In the oil and gas industry, modeling of the subsurface is typically utilized for visualization and to assist with analyzing the subsurface volume for potential locations of hydrocarbon resources, well planning for field deployment, and development plans for producing from a reservoir. Accordingly, various methods exist for estimating properties of subsurface volumes which are then used to model and simulate the subsurface volume. However, reservoir modeling and/or simulation is significantly more challenging for fractured reservoirs than it is for conventional un-fractured reservoirs.
Many fine-grained reservoirs (e.g., clastics, carbonates, and mudrocks) require additional permeability associated with partially open natural fractures in order to achieve economic flow rates. Thus, it is important to be able to accurately model and simulate a fractured reservoir to determine if economic flow rates are achievable. However, while the impact of depletion-driven matrix compaction is often accounted for when simulating the performance of conventional reservoirs, such as deep-water sands, the ability to predict in a similar fashion the impact of declining fluid pressure on the productivity of a fractured reservoir, particularly a naturally fractured reservoir, has been a challenge. Thus, there remains a need for a method to predict and model the changes in a fractured reservoir.

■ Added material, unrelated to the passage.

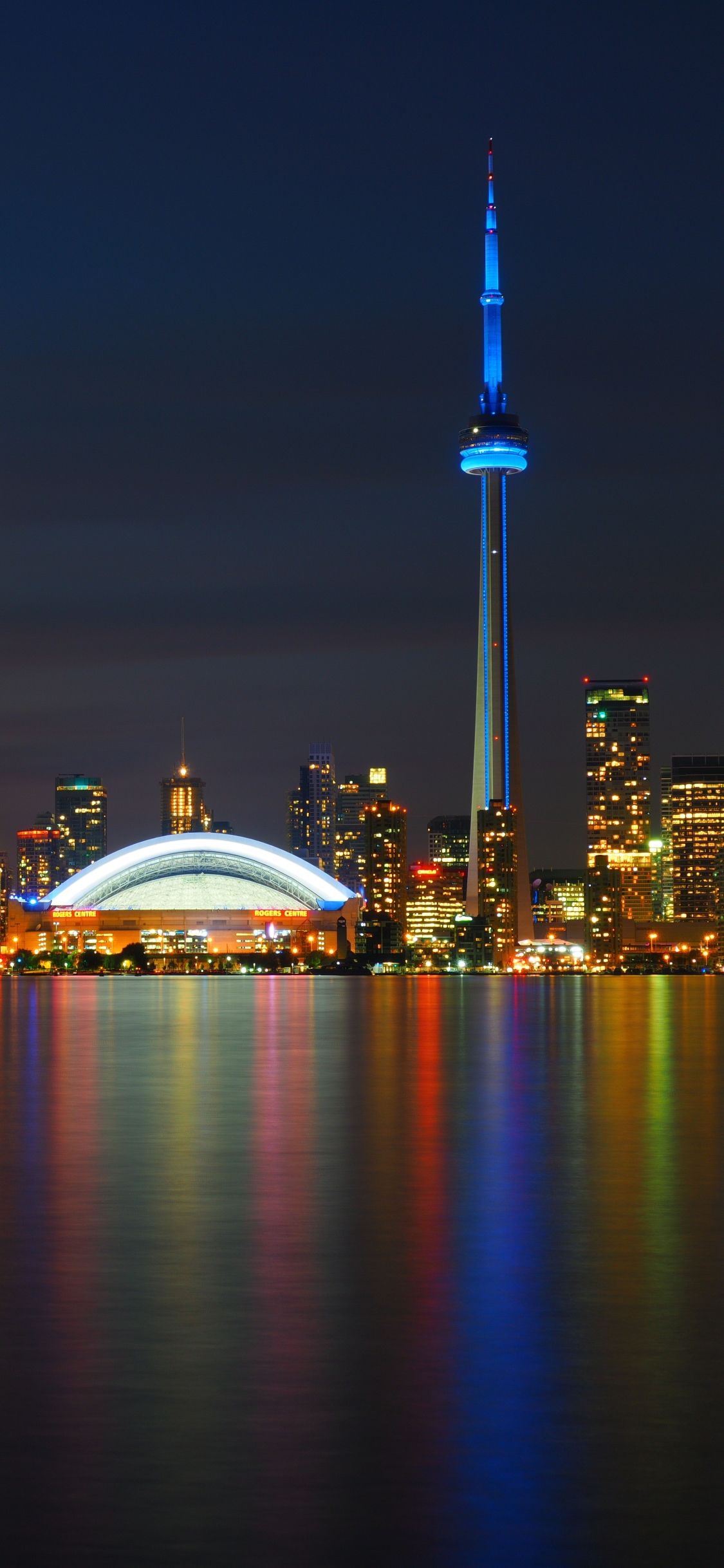 Baixar papel de parede para celular de Cidades, Noite, Cidade, Arranha Céu, Prédio, Canadá, Construção, Toronto, Feito Pelo Homem gratuito.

Previously the dual porosity approach has been used to simulate fractured reservoirs. See Warren et al., “The Behavior of Naturally Fractured Reservoirs”, Society of Petroleum Engineers, doi 10:2118/426-PA (1963). This approach utilizes an interacting continuum to reflect storage and permeability characteristics of a natural fracture network. However, the dual porosity approach does not adequately address connectivity, which is generally better addressed by discrete fracture network (DFN) models. See Dershowitz et al. “Discrete Fracture Approaches for Oil and Gas Applications,” Proceedings from the North American Rock Mechanics Symposium, Austin, Tex. (1994).
A representation of a conventional method for linking dual porosity and DFN models is shown in FIG. 1. In general, grid cells and properties, such as lithology, that are associated with each cell are exported from a geologic model 100 into a DFN model 110. A representation of the natural fracture system is then generated within the DFN model 110 utilizing techniques that use data from a number of sources, such as core, outcrop, well, and seismic data. The DFN model 110 can typically incorporate multiple fracture sets each having spatial distributions of fracture intensities, sizes (lengths and apertures), and orientations. The DFN model 110 is then used to determine: (i) fracture system porosity, which is typically calculated as the product of fracture intensities expressed as fracture area per unit volume and fracture apertures; (ii) directional fracture system permeabilities in the x-, y-, and z-directions, which are typically calculated using tensor approaches in which the equivalent porous medium properties of each grid cell are dependent on the fracture intensity, connectivity of the fracture network, and distribution of fracture transmissivities, see Oda, “Permeability Tensor for Discontinuous Rock Masses”, Géotechnique, 34(4), pp 483-495 (1985), and; (iii) fracture spacing/matrix block size in the x-, y-, and z-directions, which provide a measure of the accessibility of the matrix system through the fracture system and is related to various aspects of the fracture system such as orientation, number of fracture sets, and intensity. Fracture system porosity, directional fracture system permeabilities, and matrix block sizes are then exported from the DFN model 110 into the dual porosity reservoir simulator 120. The simulator 120 can then be history matched 130 with well testing data (e.g., permeability thickness or productivity index) in order to achieve a good calibration with field production data. Once calibrated, the simulator 120 may then be run in a forecast mode to predict the performance of the reservoir 140.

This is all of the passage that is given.